Give the listing again word for word, excluding the pictures it contains.

→ Dataset extract
-*-
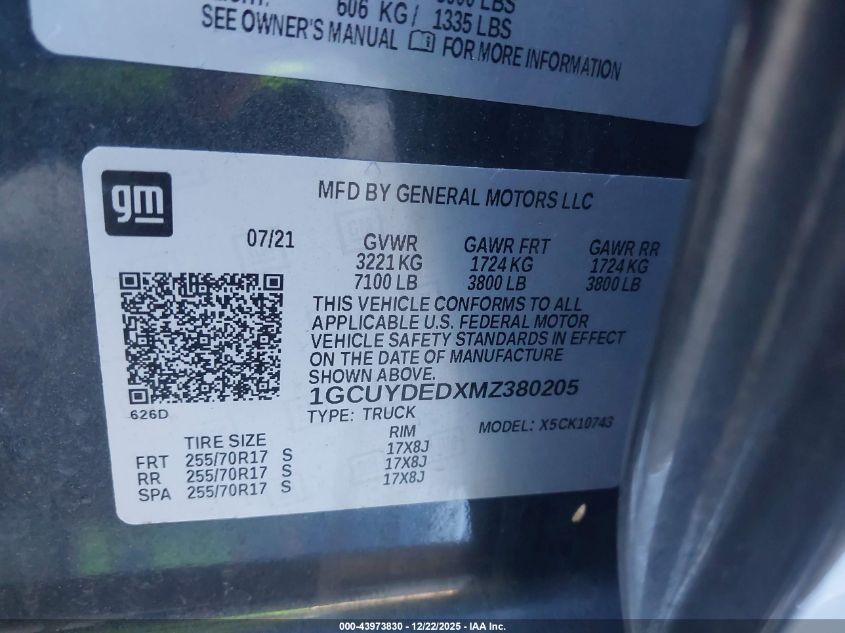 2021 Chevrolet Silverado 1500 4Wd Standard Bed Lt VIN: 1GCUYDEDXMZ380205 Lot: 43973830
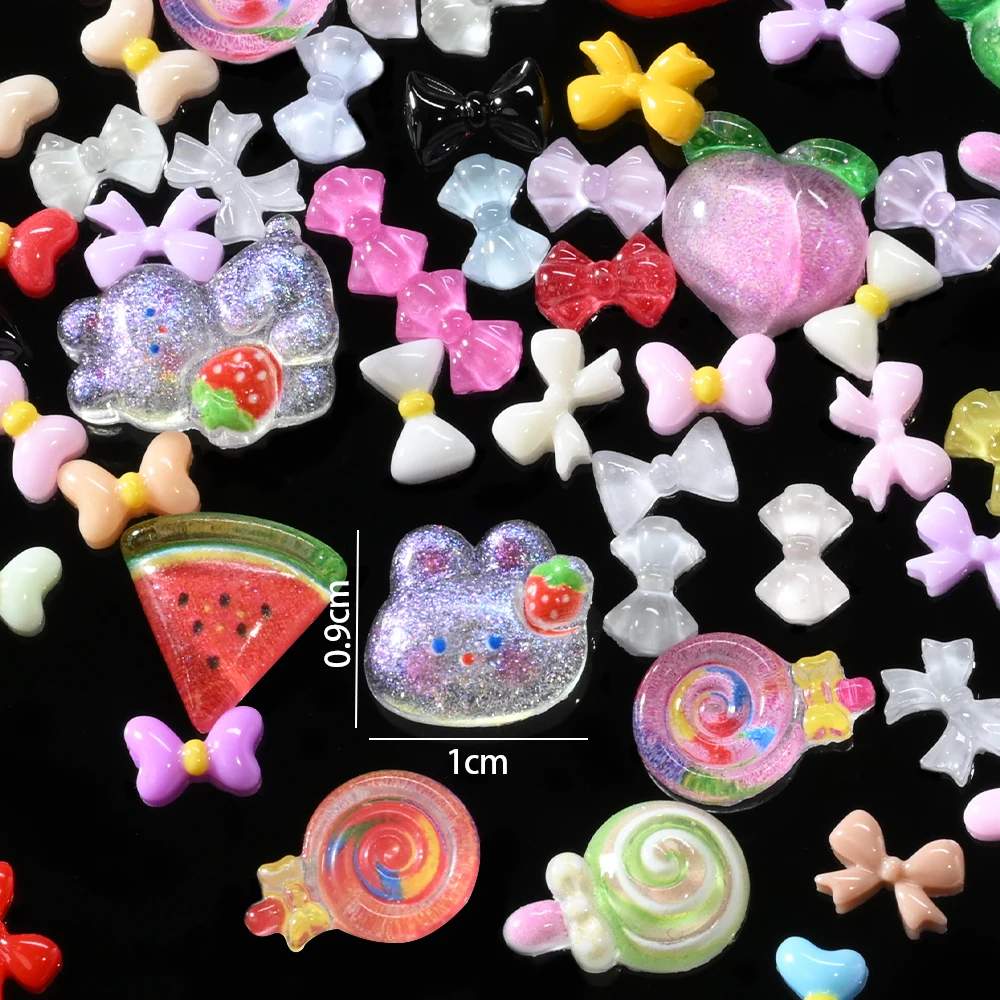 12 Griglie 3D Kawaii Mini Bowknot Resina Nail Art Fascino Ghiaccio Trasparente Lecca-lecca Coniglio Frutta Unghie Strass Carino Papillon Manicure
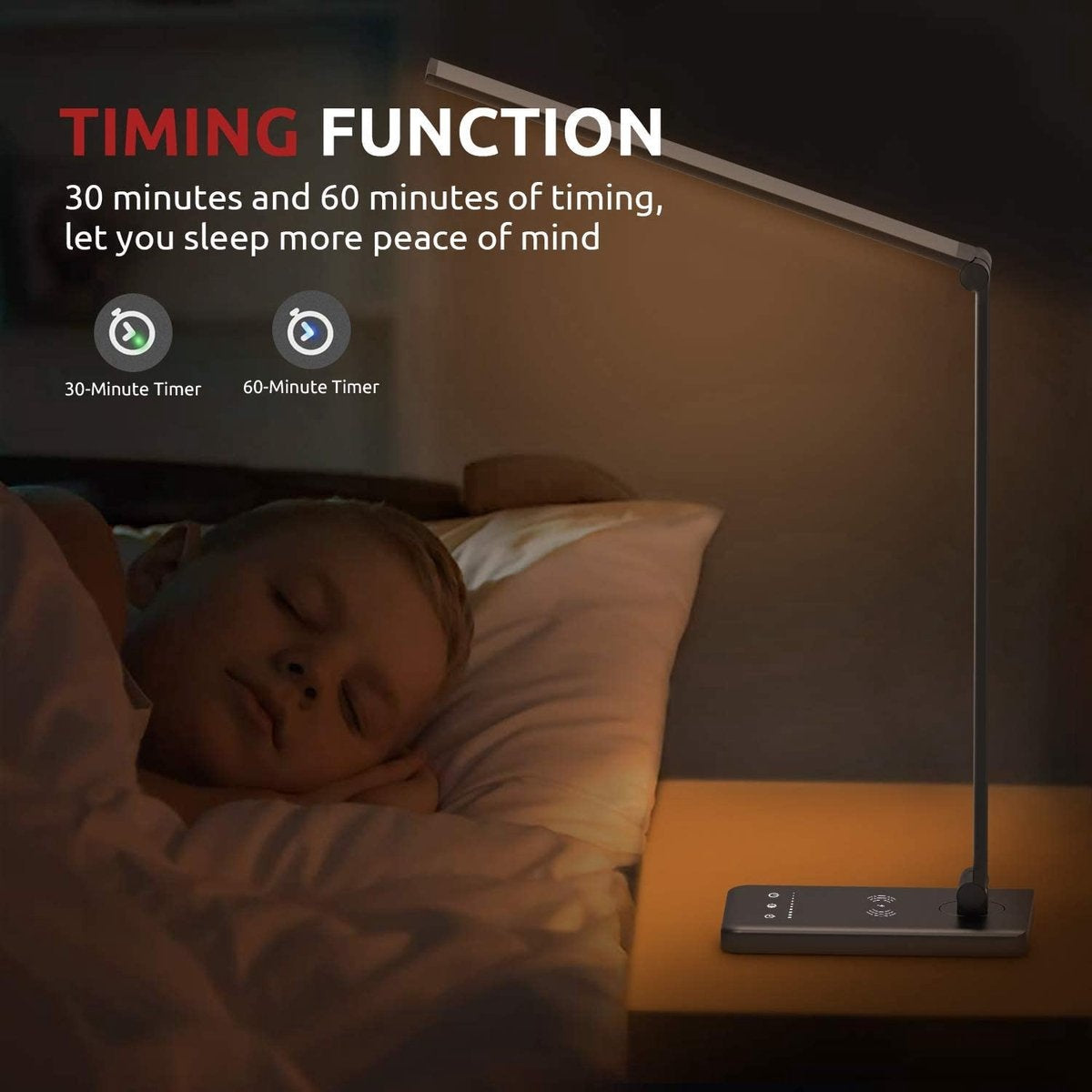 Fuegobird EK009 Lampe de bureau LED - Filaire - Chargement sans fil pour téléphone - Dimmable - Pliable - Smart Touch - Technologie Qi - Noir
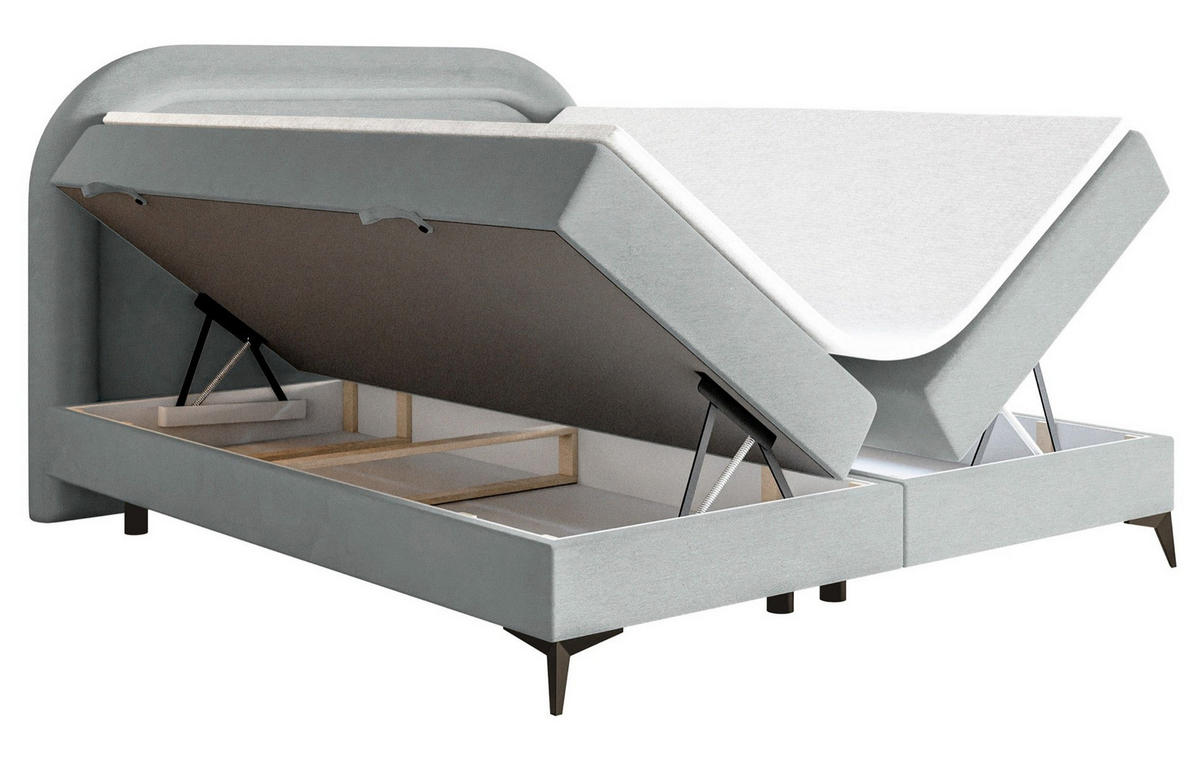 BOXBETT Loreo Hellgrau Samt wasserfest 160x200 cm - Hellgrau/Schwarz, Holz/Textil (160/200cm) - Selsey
-*-
→ Exercise solution
 2021 Chevrolet Silverado 1500 4Wd Standard Bed Lt VIN: 1GCUYDEDXMZ380205 Lot: 43973830
 12 Griglie 3D Kawaii Mini Bowknot Resina Nail Art Fascino Ghiaccio Trasparente Lecca-lecca Coniglio Frutta Unghie Strass Carino Papillon Manicure
 Fuegobird EK009 Lampe de bureau LED - Filaire - Chargement sans fil pour téléphone - Dimmable - Pliable - Smart Touch - Technologie Qi - Noir
 BOXBETT Loreo Hellgrau Samt wasserfest 160x200 cm - Hellgrau/Schwarz, Holz/Textil (160/200cm) - Selsey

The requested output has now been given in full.